Fighting Invenergy: No new fossil fuel infrastructure. Audubon was a key partner in the coalition that passed the 2014 Resilient Rhode Island Act. This Act sets greenhouse gas reduction goals for the state: 10% below 1990 levels by 2020, 45% below 1990 levels by 2035 and 80% below 1990 levels by 2050. These goals are ambitious, and current research would say they are not sufficient. The December 2016 report by the Rhode Island Executive Climate Change Coordinating Council (RI EC4), “Rhode Island Greenhouse Gas Emissions Reduction Plan,” finds that Rhode Island is well positioned to meet the 2020 goal, but meeting the 2050 reduction goals will be challenging. The report states, “An 80% greenhouse gas (GHG) reduction by 2050 would likely require a near-zero carbon grid coupled with significant electrification of residential/commercial space heating and on-road vehicles.” To meet this critical goal, Rhode Island must invest in renewable energy and stop investing in fossil fuel infrastructure.
In late 2015, Invenergy Thermal Development, LLC proposed a very large (1,000 MW) gas fired power plant in Burrillville. Audubon is working with the state’s environmental community to oppose and defeat this power plant. Our opposition to the Invenergy plant is two fold – it will have significant negative impacts on protected wildlife and habitats and it will make it impossible for Rhode Island to meet the Resilient RI greenhouse gas reduction goals.
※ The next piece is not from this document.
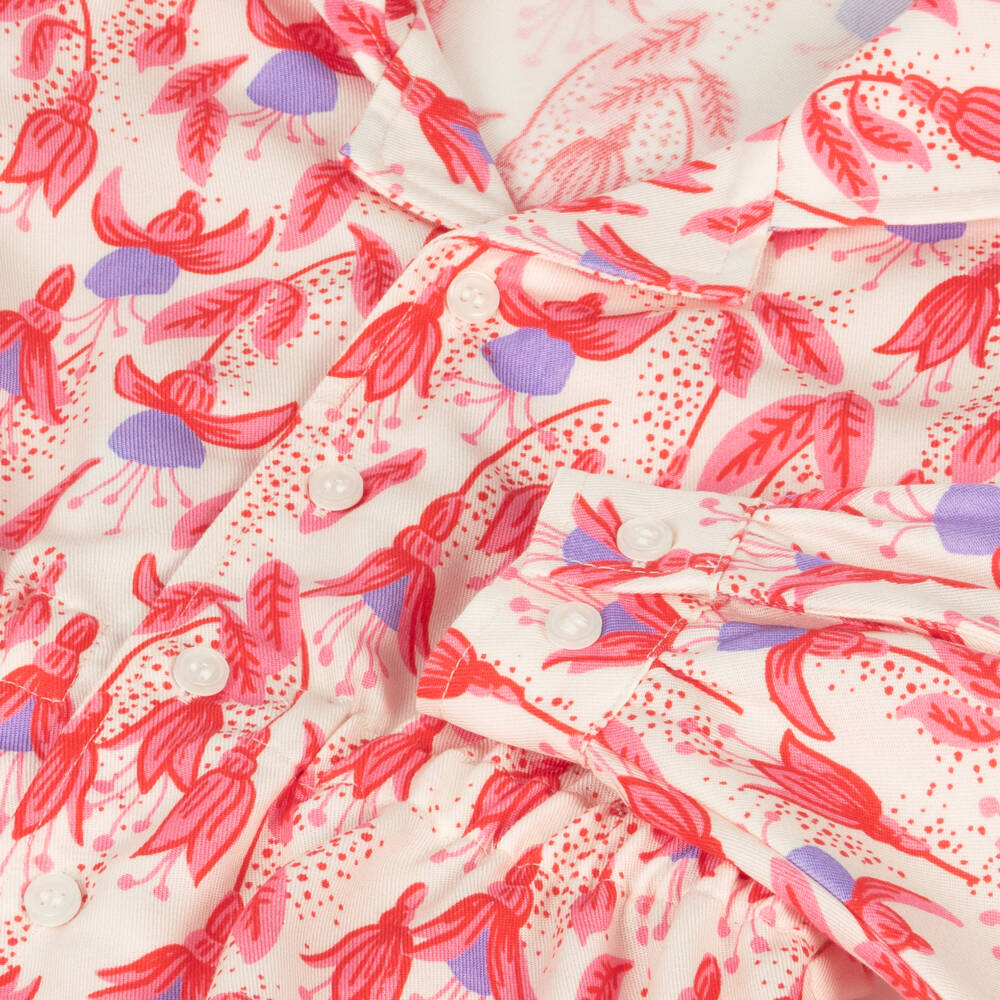 Mini Rodini-Girls Pink Floral Lyocell Shirt | Childrensalon Outlet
During the 2017 legislative session, Audubon will be supporting two clean energy bills that were in play last year but did not pass:
Energize Rhode Island: Carbon pricing to strengthen the economy and reduce GHG. This act would establish a fee on companies that sell fossil fuels in Rhode Island, paid at the point of sale within the state for consumption or distribution within the state. This act would put a price on carbon that accounts for the pollution it produces. The price will be paid by companies that sell fossil fuels in Rhode Island. The funds would be disbursed through rebates to all residents and businesses in the state as well as allocated to climate resilience, energy efficiency, energy conservation, and renewable energy programs that benefit Rhode Islanders, particularly low income residential properties and small business properties.
Renewable Energy Growth Program Extension: This bill extends the Renewable Energy Growth Program for an additional 10 years. It is an important component of the state’s renewable energy plans and will help diversify Rhode Island’s energy mix and improve system reliability.